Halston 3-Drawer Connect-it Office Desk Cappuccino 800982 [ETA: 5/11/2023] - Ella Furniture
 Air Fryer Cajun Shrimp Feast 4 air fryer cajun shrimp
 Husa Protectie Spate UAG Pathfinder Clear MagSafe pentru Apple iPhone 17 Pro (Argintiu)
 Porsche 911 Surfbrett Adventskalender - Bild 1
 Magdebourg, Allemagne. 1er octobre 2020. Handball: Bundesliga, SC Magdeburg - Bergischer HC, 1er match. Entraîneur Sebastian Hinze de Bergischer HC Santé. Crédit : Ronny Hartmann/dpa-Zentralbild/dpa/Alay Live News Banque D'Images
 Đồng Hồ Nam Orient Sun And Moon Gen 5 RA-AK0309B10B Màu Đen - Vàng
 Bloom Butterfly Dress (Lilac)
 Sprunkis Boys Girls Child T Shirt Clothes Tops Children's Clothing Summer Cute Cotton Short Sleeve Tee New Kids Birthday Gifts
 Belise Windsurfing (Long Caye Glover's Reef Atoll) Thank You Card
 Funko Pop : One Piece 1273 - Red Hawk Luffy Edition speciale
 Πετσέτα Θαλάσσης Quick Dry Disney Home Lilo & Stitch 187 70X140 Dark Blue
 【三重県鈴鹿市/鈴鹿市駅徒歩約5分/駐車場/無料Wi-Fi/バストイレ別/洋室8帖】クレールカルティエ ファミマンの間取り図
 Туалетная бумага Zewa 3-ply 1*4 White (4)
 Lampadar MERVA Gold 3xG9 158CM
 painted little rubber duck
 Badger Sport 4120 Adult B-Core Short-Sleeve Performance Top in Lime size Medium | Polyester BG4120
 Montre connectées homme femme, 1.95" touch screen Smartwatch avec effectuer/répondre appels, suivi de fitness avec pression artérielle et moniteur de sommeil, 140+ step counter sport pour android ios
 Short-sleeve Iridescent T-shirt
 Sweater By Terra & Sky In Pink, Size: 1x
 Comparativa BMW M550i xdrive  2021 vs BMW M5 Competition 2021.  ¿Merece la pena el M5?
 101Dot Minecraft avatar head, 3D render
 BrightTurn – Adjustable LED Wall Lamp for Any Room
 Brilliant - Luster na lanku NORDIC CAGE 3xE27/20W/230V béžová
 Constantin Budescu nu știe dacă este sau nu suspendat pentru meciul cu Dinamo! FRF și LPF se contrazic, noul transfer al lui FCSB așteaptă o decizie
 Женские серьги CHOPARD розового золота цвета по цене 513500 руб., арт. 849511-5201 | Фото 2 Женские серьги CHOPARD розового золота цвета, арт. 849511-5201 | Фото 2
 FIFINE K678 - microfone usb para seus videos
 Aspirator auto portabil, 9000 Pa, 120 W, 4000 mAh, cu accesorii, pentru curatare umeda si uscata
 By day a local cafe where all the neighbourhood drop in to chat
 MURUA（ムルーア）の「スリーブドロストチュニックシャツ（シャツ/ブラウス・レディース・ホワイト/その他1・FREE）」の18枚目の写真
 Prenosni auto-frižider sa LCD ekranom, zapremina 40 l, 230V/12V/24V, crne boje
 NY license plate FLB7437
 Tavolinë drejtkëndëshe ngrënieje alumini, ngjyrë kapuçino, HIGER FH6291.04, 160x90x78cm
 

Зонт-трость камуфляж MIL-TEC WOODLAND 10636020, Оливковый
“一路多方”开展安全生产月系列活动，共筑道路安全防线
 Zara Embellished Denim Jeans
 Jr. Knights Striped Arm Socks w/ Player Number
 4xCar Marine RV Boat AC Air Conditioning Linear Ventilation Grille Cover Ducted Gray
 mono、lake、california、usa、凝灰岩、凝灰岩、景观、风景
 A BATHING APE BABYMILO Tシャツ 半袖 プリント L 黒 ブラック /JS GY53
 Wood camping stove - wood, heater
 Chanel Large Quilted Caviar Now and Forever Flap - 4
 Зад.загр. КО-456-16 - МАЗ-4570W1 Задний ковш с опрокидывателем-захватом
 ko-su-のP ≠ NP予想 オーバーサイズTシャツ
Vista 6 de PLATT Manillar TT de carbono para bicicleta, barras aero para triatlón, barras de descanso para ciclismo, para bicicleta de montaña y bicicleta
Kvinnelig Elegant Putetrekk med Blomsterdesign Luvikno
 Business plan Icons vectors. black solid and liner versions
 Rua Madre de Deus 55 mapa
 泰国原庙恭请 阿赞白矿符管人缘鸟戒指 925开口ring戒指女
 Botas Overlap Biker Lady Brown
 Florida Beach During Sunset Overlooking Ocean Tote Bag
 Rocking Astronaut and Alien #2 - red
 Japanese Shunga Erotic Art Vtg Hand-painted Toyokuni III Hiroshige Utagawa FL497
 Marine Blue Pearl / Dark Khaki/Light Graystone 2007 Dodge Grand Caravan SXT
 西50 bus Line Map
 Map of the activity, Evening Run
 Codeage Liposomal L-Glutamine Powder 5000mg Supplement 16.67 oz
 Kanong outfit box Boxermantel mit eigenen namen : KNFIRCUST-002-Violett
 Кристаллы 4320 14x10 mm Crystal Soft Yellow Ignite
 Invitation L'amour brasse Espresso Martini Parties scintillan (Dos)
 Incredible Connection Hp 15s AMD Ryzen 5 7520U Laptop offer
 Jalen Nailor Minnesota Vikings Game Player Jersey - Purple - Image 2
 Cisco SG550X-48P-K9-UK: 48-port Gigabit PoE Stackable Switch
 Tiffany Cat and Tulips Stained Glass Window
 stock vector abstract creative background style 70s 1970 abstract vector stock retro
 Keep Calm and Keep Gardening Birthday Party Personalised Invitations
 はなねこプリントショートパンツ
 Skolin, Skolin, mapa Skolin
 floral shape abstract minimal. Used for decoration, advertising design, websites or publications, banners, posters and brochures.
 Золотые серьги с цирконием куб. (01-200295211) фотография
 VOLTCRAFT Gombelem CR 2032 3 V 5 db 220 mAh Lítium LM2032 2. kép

________________________

→ EXERCISE PROMPT
Only the lines holding the string "Birthday" are needed; copy each of them from the material above.

→ PROBLEM SOLUTION
 Sprunkis Boys Girls Child T Shirt Clothes Tops Children's Clothing Summer Cute Cotton Short Sleeve Tee New Kids Birthday Gifts
 Keep Calm and Keep Gardening Birthday Party Personalised Invitations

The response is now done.